An article reported by John C. Cannon summarizes studies that show that “60 percent of primates are sliding toward extinction at https://news.mongabay.com/2017/01/running-out-of-time-60-percent-of-primates-sliding-toward-extinction/ The threats to apes affects all continents where they exist--South America, Africa, and Asia. Analysis of the data shows that loss of tree cover and fragmentation of habitat are the primary cause. In Southeast Asia, the expansion of palm oil plantations is a direct cause. Overall, it is the “expansion of agriculture” that has pushed species such as “Yunan snub-nosed monkey” in China to “near extinction.” Deforestation and expansion of agriculture seem to me to inexorable forces that meet demands for food and the needs of humans near areas and conservationists have a hard time with the ethics of restricting these forces that affect the fortunes of the poor.
An article in the New York Times by Austin Ramzy describes how isolated islands in the South Pacific have been inundated by human trash even though humanity does not live in or visit the islands is available at https://www.nytimes.com/2017/05/16/world/australia/henderson-island-plastic-debris-south-pacific.html?mcubz=2&_r=0
Nevertheless, humanity’s trash affects the wildlife such as turtles becoming tangled in fishing nets and crabs using plastic containers “for shelter.” Other articles have shown that tiny plastic pieces are consumed by marine life with potentially harmful effects. As with deforestation and agricultural expansion, the spread of humanity’s effects due to dissemination of its trash is inexorable and will certainly increase in the future.
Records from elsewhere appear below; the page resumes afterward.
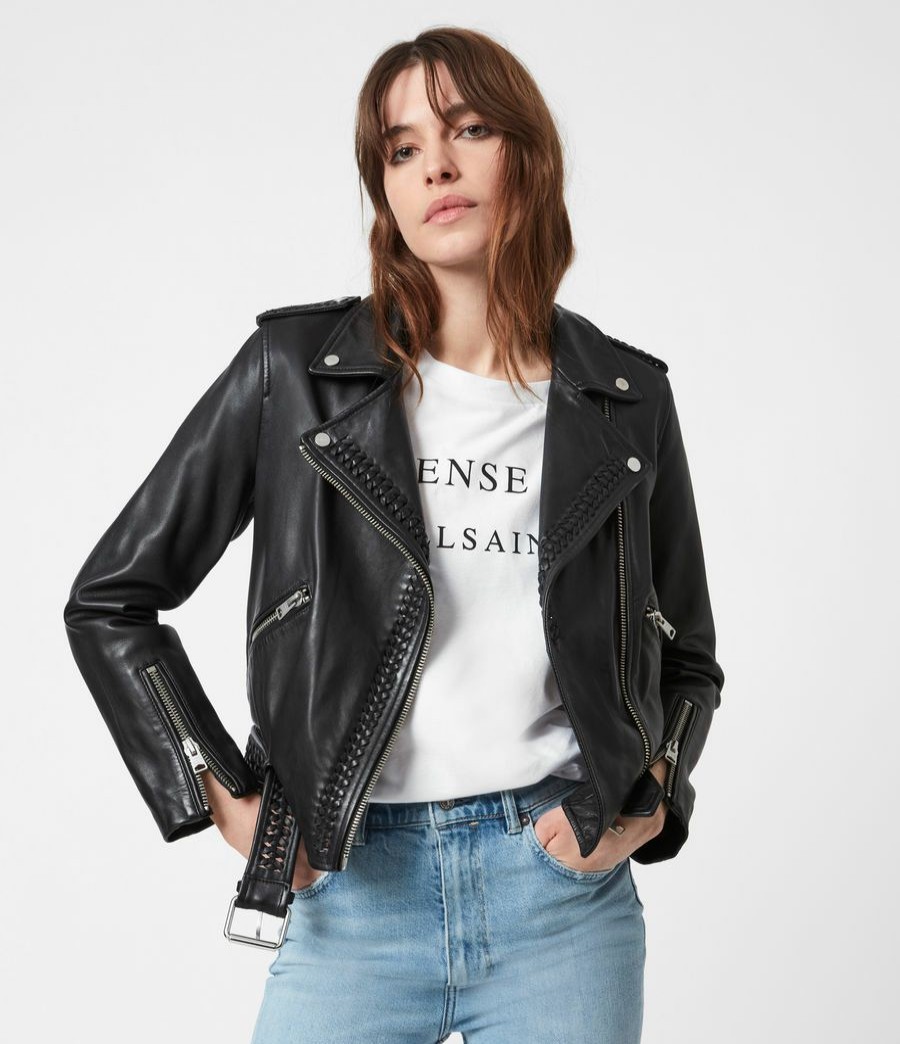 Women'S * | Allsaints Sale Braided Leather Biker Jacket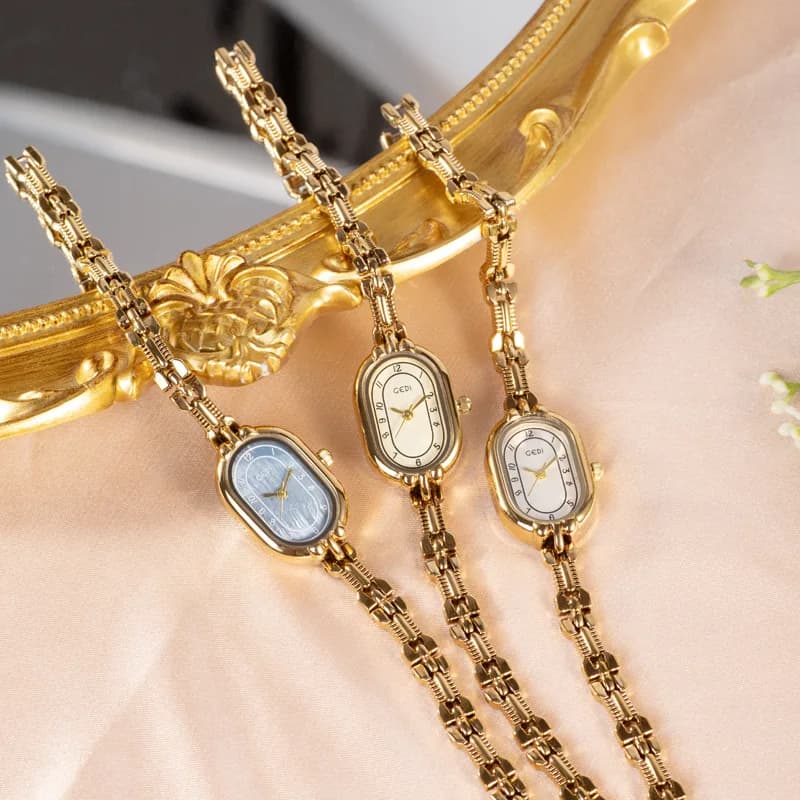 Women's Vintage Wrist Watch Gold Retro Oval Lightweight Quartz Fashion Waterproof Luxury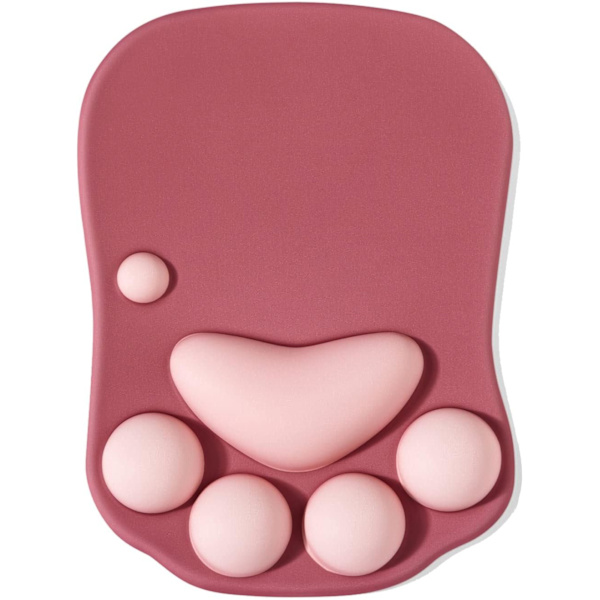 Musemåtte med håndledsstøtte, rød, ergonomisk musemåtte, Kawaii Cat M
Most of the focus on threats to wildlife has been on mammals and certain species of marine animals. However, a Science magazine article by Gretchen Vogel summarizes evidence that there has been a major decrease in insects with an article titled “Where have all the insects gone”” (Science, May 12, 2017, Vol. 356, Issue 6338). Research has focused on Germany and England. There are variations—speculation is that the variation may be due to the fact some areas may have already experienced declines. Causes include habitat loss such as less plant diversity. Another cause is the use of insecticides like neonicotinoids that have become popular. Some insects adapt to the insecticides like aphids but others do not. The loss of insects affects wildlife such as birds that depend on them and the article suggests insect declines have played a significant role in the drop in populations of birds such as swifts and larks. It is hard to get humanity to act to save insects unless they are “charismatic” like the monarch. As I reported in a previous blog, Michael McCarthy’s “The Moth Snowstorm: Nature and Joy" documents huge declines in butterflies and other species mostly due to humans. As I argued, humans sometimes become conscious about individual species (e.g., recent concern about sharks and monarchs), but the need to retain entire ecosystems is a much more difficult concept to “sell” to humanity and the changed consciousness does not match up against the powerful and universal forces threatening wildlife.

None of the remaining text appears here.